Coming back to our former point, there is a panel which is finding ways to change the existing constitution of Lankan cricket and bring it on par with the other administrations that govern the game within the peripheries of the ICC.
This means first we have to shed the sweat-soaked political coat that is emanating an unbearable stench.
Then the Lankan cricket will have to reshape the voting system that also has germinated parasites that keep eating into living cricket for their sustenance.
The above factors are the most difficult barriers to overcome. The first fact is, as a result of the Sports Law of this country, there are ways and means that the sports minister could hold administration by the collar. The present cricket administration cannot agree upon any sizable monetary deal without the approval of the sports minister/government audit. Then the cricket administration cannot appoint a selection committee – the body which decides on so many aspects pertaining to the game of cricket other than direct selections. In return the selectors cannot select a team and make it legal till the Minister of Sports approves it.
This means Sri Lankan cricket is left with only other logistical matters such as building Stadiums around the country and naming them after politicians.
However, the truth is there is this panel in all its seriousness regularly meeting to seek ways of taking Lankan cricket to the next millennium.
Then what the experts in the panel have to do is to at least adopt the Australian module and look for an entity that would sustain itself.
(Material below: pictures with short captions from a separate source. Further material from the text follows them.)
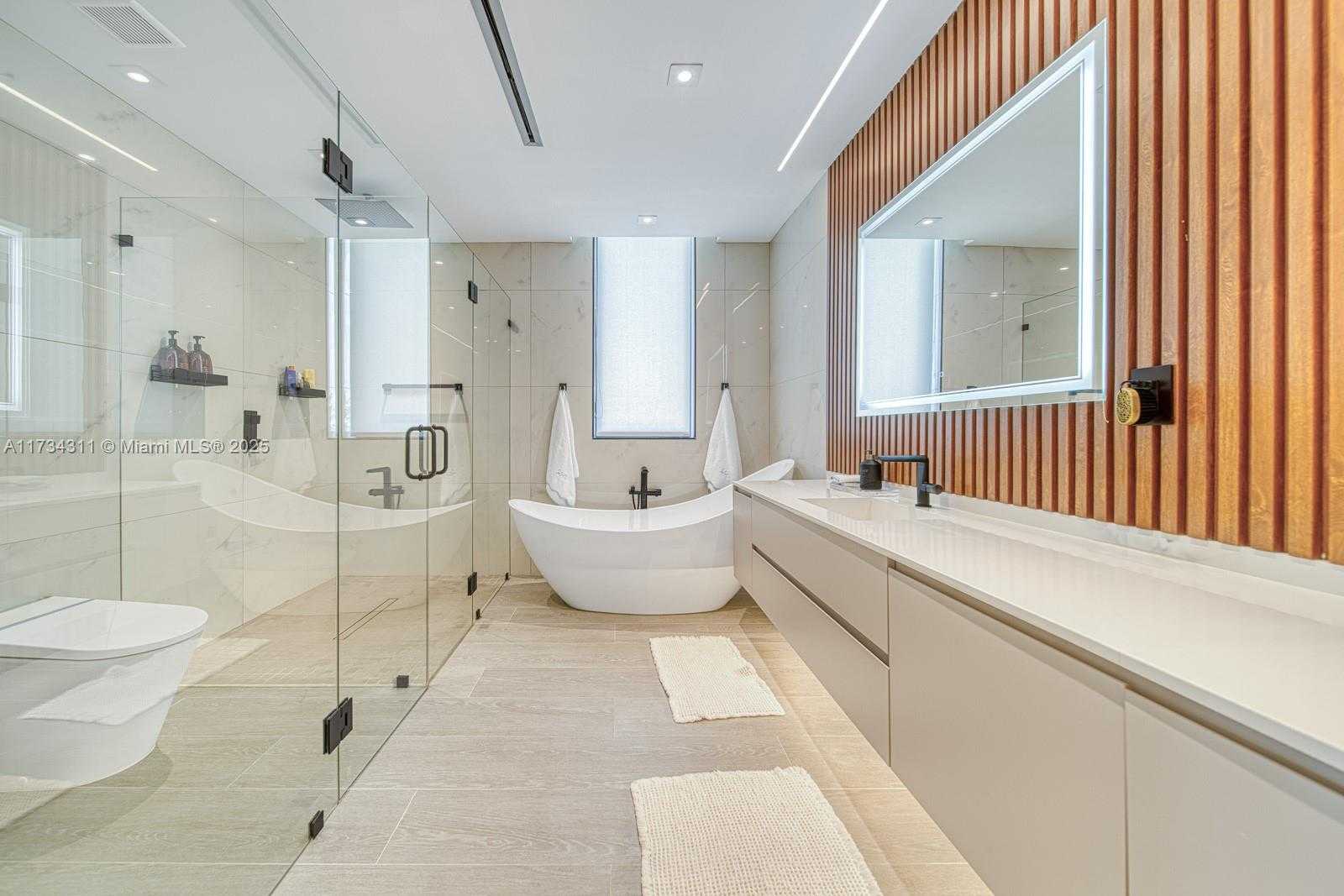 Small Image of 7520 WEST TREASURE DR, North Bay Village Number 23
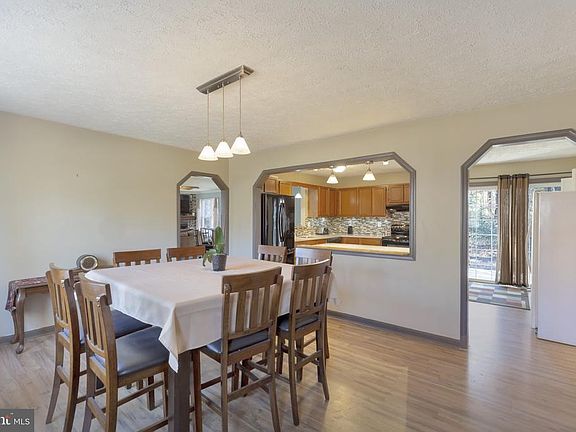 3rd image of 29911 Skyview Dr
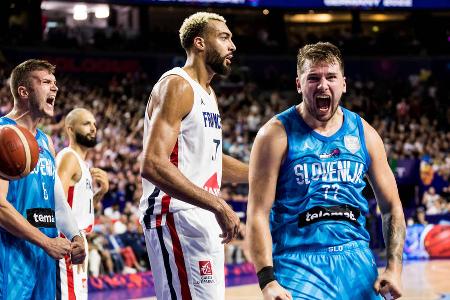 Platz 2: Slowenien (▲2) - Luka Doncic hat den Schon-Modus abgestellt. 36 Punkte gegen Deutschland und nur 18 Stunden später historische 47 Zähler gegen Frankreich zeigen seine einmalige Qualität. Als Gruppensieger hat sich der Titelverteidiger einen leichten Weg ins Halbfinale gesichert. Wenn Luka diese Form konstant hält, muss sich Slowenien vor keiner Mannschaft im Turnier verstecken.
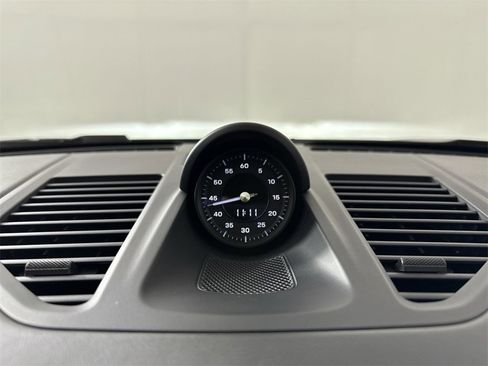 Certified 2025 Porsche 911 Carrera image 29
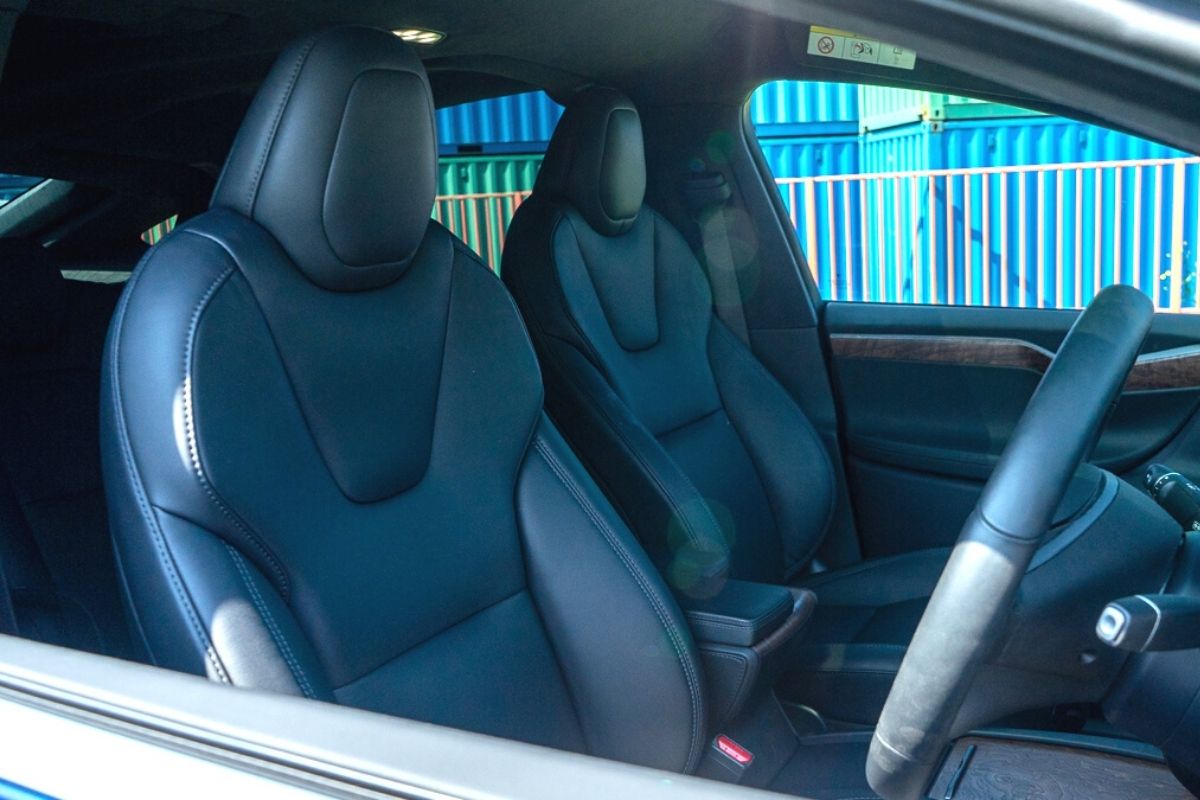 Tesla Model X 100D seats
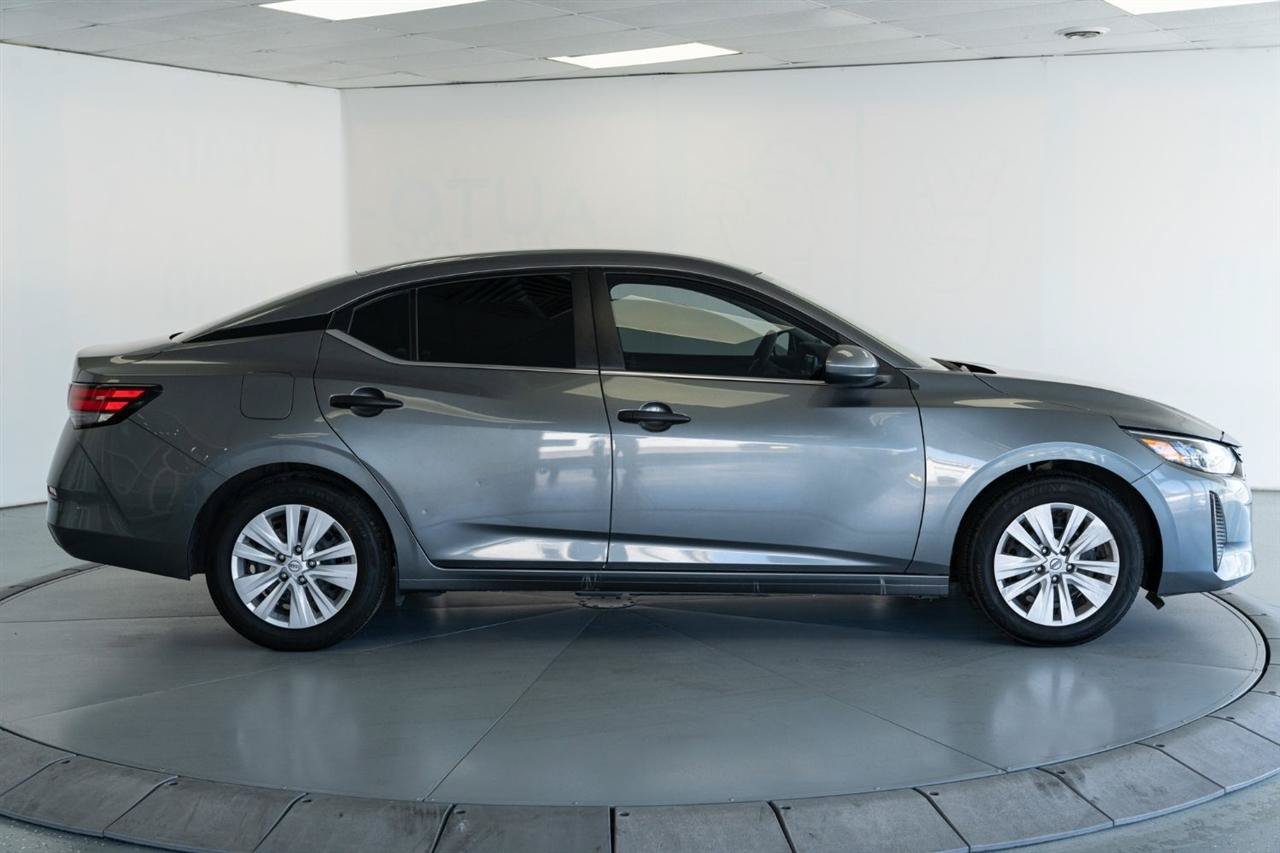 Used 2025 Nissan Sentra S FWD image 9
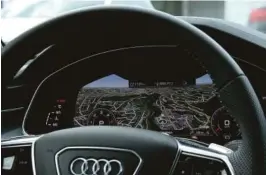  ??  ?? FUNKSJONEL­T: Det er noen år siden det Audi kaller Virtual Cockpit først ble lansert, men det er fortsatt en av de aller beste dashbordlø­sningene på markedet.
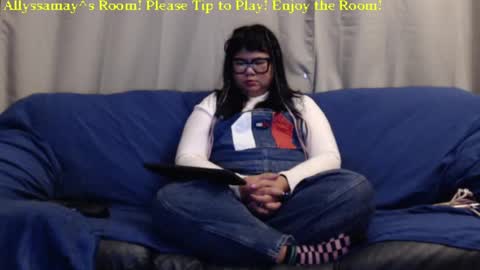 Allyssamay online show from December 2024 06:33:02 AM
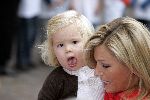 Den Haag 27 september 2005
Prinses Maxima en Amalia bestellen de eerste kinderpostzegels op paleis noordeinde.
Peter Smulders bv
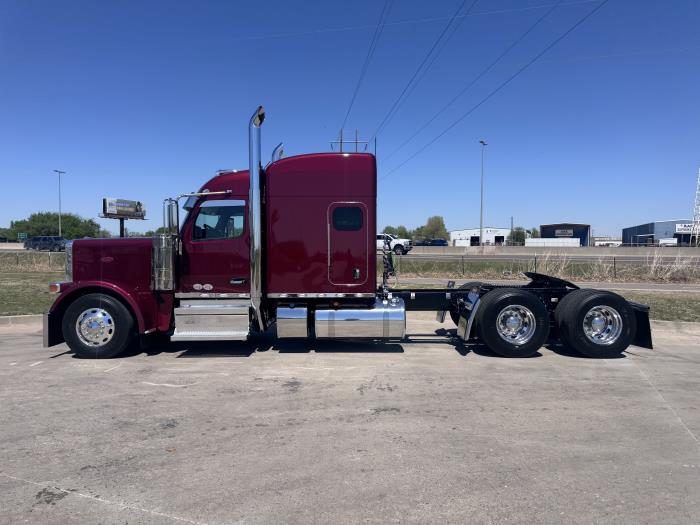 2027 Peterbilt - image 2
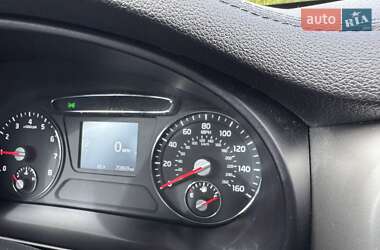 Позашляховик / Кросовер Kia Sorento 2016 в 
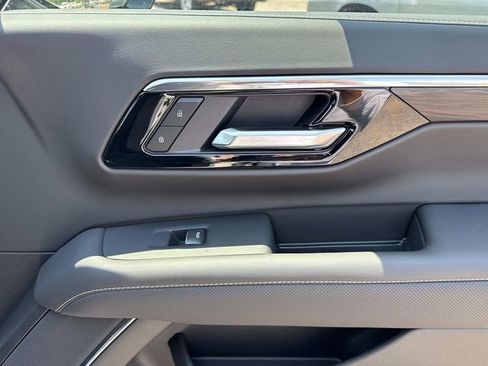 New 2025 Chevrolet Suburban Premier w/ Sun And Tow Package RWD image 34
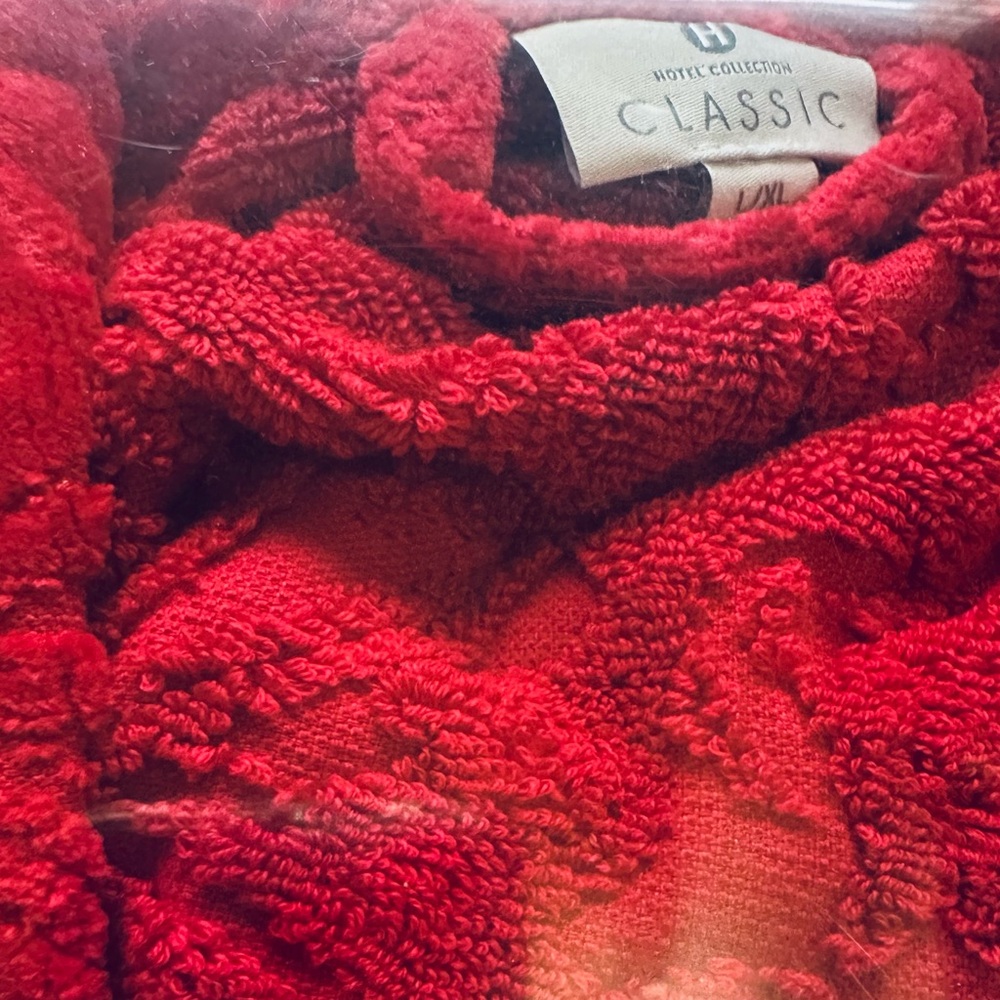 Hotel Collection Classic Red Garment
Then the onus of selecting the administration could go to three auditing firms who would name three former cricketers with managerial skills to run the day-to-day affairs along with a person with a legal background and a person with an accounting background. This means the Lankan cricket runs as a profit centre. If this happens they would have to ascertain how the rest of the stake holders could fit in.
However, running as a profit centre also has its own drawbacks. Once a system gets into the commercial stream, it gets very finicky about in-bound tours that do not yield profits. Administrators have more than once confessed to me that bringing down sides like Bangladesh and New Zealand is a huge strain on the board’s coffers. This means once they become strict profit making centres the administrators would be more concerned about loss-making tours because they are supposed to run as a profit-making entity.
For instance Australia last played Bangladesh in April 2011. They would play them next in October 2015 and both will be away tours. There will be no strain on the Australian coffer.
These are the surface intricacies that we could observe. Yet, the committee would have to arrive at a system that would take Sri Lankan cricket on its future run.
At least now they are trying to implement some of the Haroon Lorgat report recommendations such as the new work load of the SLC-CEO and other futuristic steps that are being taken into consideration via the newly appointed Selection Committee. At the same time if they also could pay attention on a National Cricket Policy where the direction could not be changed by short sighted culprits, it would serve the cricket’s best interests. While they could effect many other changes, they also must have a clear understanding of a cricketer’s life at the crease like what Australia adopts today. In that manner no cricketer could turn and run to a top VIP when he is dropped. No cricketer also can come back on a witch hunt in his post cricket era, because the elimination and the grooming process is very clear in the National Cricket Policy.
But, before they could do anything, the system will have to be free of politics and for us to foresee cricket sans politics is like finding a human being without a fault.